The first season of Northwood Entertainment’s series Anne with an “E”, which had successful run on the Canadian Broadcasting Corporation in March and April, launches today in the rest of the world on Netflix under the title Anne with an E.
Fittingly, Anne has made the news numerous times in anticipation of its worldwide release. Here are some highlights:
- “The Other Side of Anne of Green Gables,” by Willa Paskin (The New York Times)
- “Anne with an E Is the Best Kind of Adaptation,” by Sophie Gilbert (The Atlantic)
- “Why the 1980s Anne of Green Gables is Such a Hard Act to Follow” (Vanity Fair)
- “The Sisterhood of Anne of Green Gables Is Ready for Anne’s Next Chapter,” by Katie Calautti (Vanity Fair)
- “How Not to Adapt Anne of Green Gables,” by Sarah Larson (The New Yorker)
- “Why You Need to Watch the New Anne Series—Yes, I’m Talking to You, Fellow Purists,” by Sarah Bessey
- “Who Is Anne with an E Star Amybeth McNulty?” by Eleanor Brey Griffiths (Radio Times)
- “Netflix’s ANNE Bridges the Divide between Us and Our Childhood Dreams,” by Mishka Hoosen (The Ploughshares Blog)
- “A ‘Breaking Bad’ Writer and Producer Is Behind a New Anne of Green Gables,” by Erin Blakemore (Smithsonian)
- “Lush, Sad and Perfect: At Last, TV Gives Us an Anne of Green Gables for Our Times,” by Chitra Ramaswamy (The Guardian)
- “Anne with an E Offers a Winning, Darker Take on a Familiar Tale,” by Gwen Ihnat (The A.V. Club)
Zero interest in a “dark” Anne.
As usual, the dance school graduates of the political-entertainment complex miss the point entirely.
You might give this new series a try, Michael. Although I haven’t liked all of the writer’s choices, overall I’ve been pleasantly surprised by how compelling each episode is. And if you prefer a more light-hearted adaptation, you might try the trilogy of movies from Breakthrough Entertainment, which are very enjoyable also.
Michael: many watchers of this series are finding that it reflects that darkness and abuse they were able to read in the novel as children and young adults. It largely depends on experience. There is nothing politically-surged about it.
Very much agree with the New Yorker assessment. LMM seemed to prefer pine woods to pig sties for a reason, and the new adaptation is not only untrue to that vision, but is painfully unaware of its value. And I hate that they aged Anne to 13 — she is 11 in the book and that two-year difference is important and planned, I believe.
I agree with you, Grayelf, that bumping up Anne’s age changes some of the dynamics in terms of the character.
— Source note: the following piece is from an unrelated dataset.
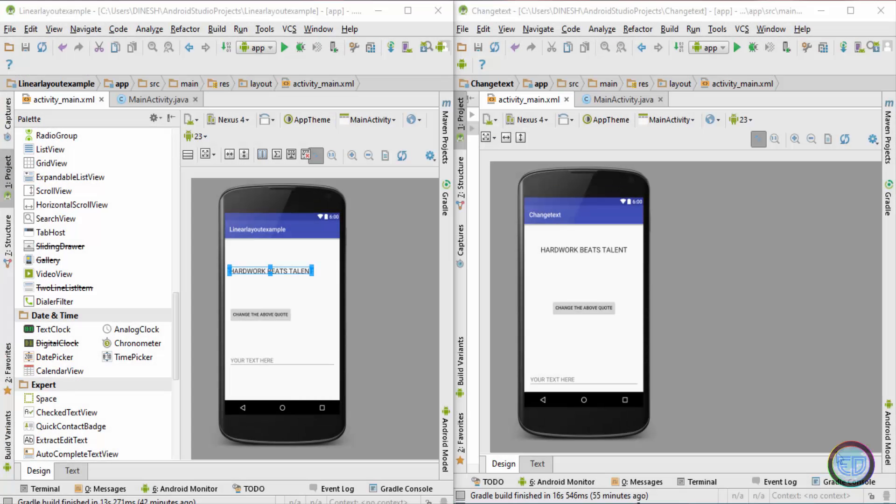Hey, what's up guys, welcome back. This is Dinesh here and in this video I will introduce you to the gravity attribute in Android.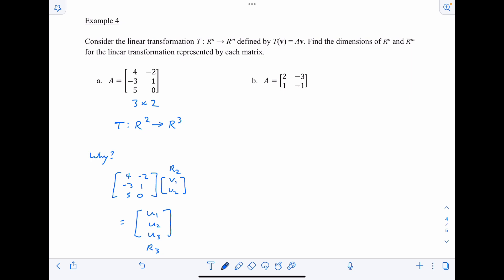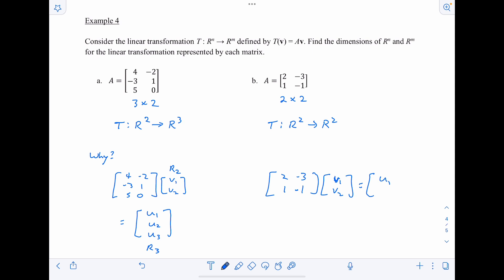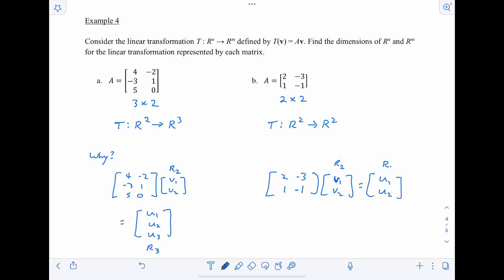For part B, we have a 2 by 2 matrix, so the transformation maps from R2 to R2. Multiplying by (v1, v2): row 1 gives u1 and row 2 gives u2, so we start and finish in R2.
But the actor portraying Anne is excellent, and it would not have been believable for to be playing someone younger than 13.
And PS any less-than-casual lover of LMM knows she preferred to be called Maud!
i disagree that it is “painfully unaware”. her canon and her life writing hint to the fact that were she not restricted by her publisher and the rigid structure afforded women of her time period, she would more likely write something in this vein than a piece appropriated (not her intent) by children. there are SO many moments of light and pine cones and hope and beauty; but for the first time it takes Montgomery seriously–not just “anne of green gables” but her tradition, her world and the context of her life, her life writing and its prescient meaning. i stand by my belief that this would be the adaptation (out of all Anne adaptations and other incarnations of her work on stage and screen) that she would most enjoy. this adaptation mines nuance and depth from her characters and gives them a dimension beyond the episodic connect-the-dots-of-iconic moments that the Sullivan adaptation did. i think she would be delighted, as i am, that we are mining fresh and more deeply realistic material from this Anne. in fact, it has made me appreciated the book even more. everything i know from decades long study of montgomery’s life and world indicates she would be beguiled by this realistic character piece.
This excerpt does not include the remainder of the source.